Glenn Miller, músico metido a militar en la II Guerra Mundial (1939-1945), que desaparecería en un vuelo que le conducía vestido de uniforme con su orquesta para alegrar la vida a los que seguían en el frente.
Era una tradición muy yanqui. Durante esa guerra espantosa y costosa, pero moderna, eso sí, en que los guapos del mundo bello y marcial iban a dar una lección al facineroso de Adolf Hitler, el nacional-socialista de tres al cuarto que había querido imitar a Charles Chaplin, las estrellas del cine fueron movilizadas por Hollywood, con uniforme y gorra de rigor, para animar a los soldados.
Pero a Hitler no le dejaron imitar al payaso inglés. Le cortaron la película antes de que pudiese terminarla aunque tuvo un final oficial muy sinfónico y wagneriano envenenándose en su siniestro bunker con su amante o esposa, que las mentiras son peores que en el cine, Eva Braun, una sana rubita que había amaestrado al monstruo.
Y así Glenn Miller nos dejó su música para bailar con faldas anchas de las que las muchachas llevaban en los años sesenta (ya saben, el del otro siglo, el XX) y amaban hasta la concepción.
Así fue concebida esa niña, y que me perdone, porque no hubo ninguna intervención divina, solo la madre y el muchachito de veintiún años que estaba tan preparado para ser padre como Hitler para dominar el mundo.
Creyó en aquel momento, ay que joven eras, hijo mío, que el mundo sería, y lo fue más amable, a partir de aquella mañana en una preciosa clínica de París.
Recuerdo que te recuerdo en esta mañana del verano de 2017 dedicó unos pocos pensamientos al señor que también había decidido un día traerlo al mundo con la complicidad de otra señora.
El individuo en cuestión era un coronel del ejército de su Majestad Francisco Franco, que había encontrado manera de hacer su fechoría en una isla de África donde mandaba más que Marlon Brando en “Apocalypse Now”.
Por eso, esta mañana temprano, después de escuchar una vez más a Glenn Miller, pido respetuosamente a los dioses que todavía quedan en algún paraíso perdido y nunca encontrado que decreten la ejecución del Coronel, por haber faltado a todos sus deberes como hombre.
Él siempre tuvo quien le escribiera. Y dejó de escribir con su uniforme de gala y fajín dedicado a no sé qué virgen.
Entonces recuerdo a otros gloriosos militares del cine que ahora me arrullan con sus secuencias. El general della Rovere al que dio más que vida, amor y valentía, un Vittorio de Sicca más genial que nunca y no tengo más remedio que querer bailar con Al Pacino y su uniforme de guerrero ciego en “Perfume de mujer”.

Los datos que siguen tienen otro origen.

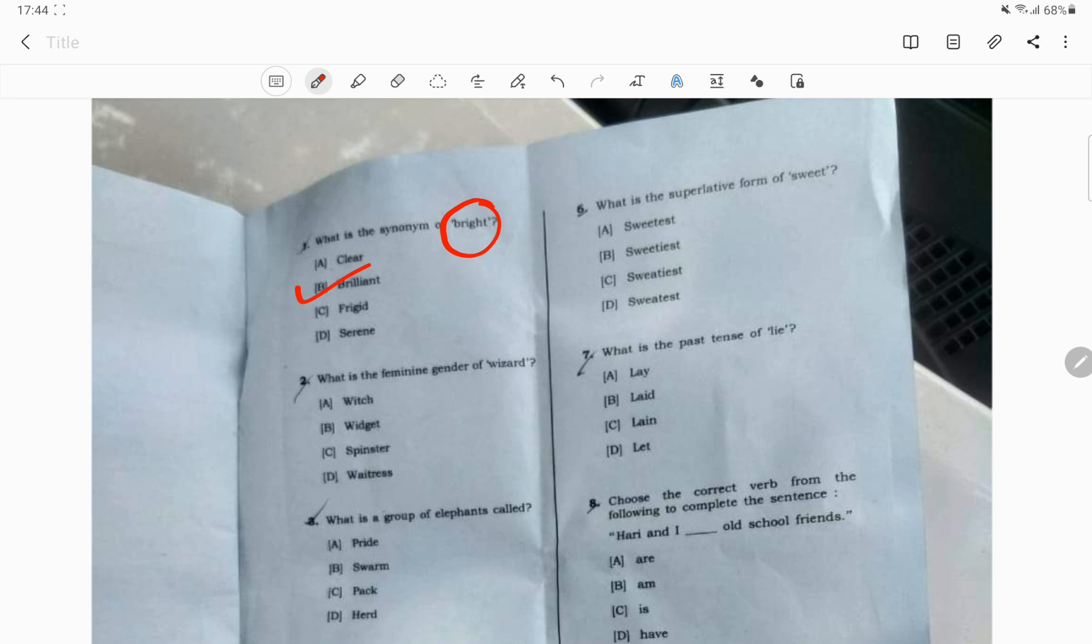Question number 2. What is the feminine gender of wizard? The correct answer is witch. Which option?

¿A quién no le hubiese gustado poder bailar aquel tango que Pacino, teniente coronel jubilado y ciego, bailó con una deliciosa chiquilla vestida de negro, desde las medias al moño, en aquella sala de aquel hotel de Nueva York?
Empieza a amanecer el día, bonito y bochornoso día para una ejecución. Suspenderemos la del Coronel y que Dios o el Diablo le concedan un último baile como el de Pacino, inolvidable actor que hizo del cine lo que llegó a ser, una fábrica de sueños donde aprovisionarse cuando la realidad falla.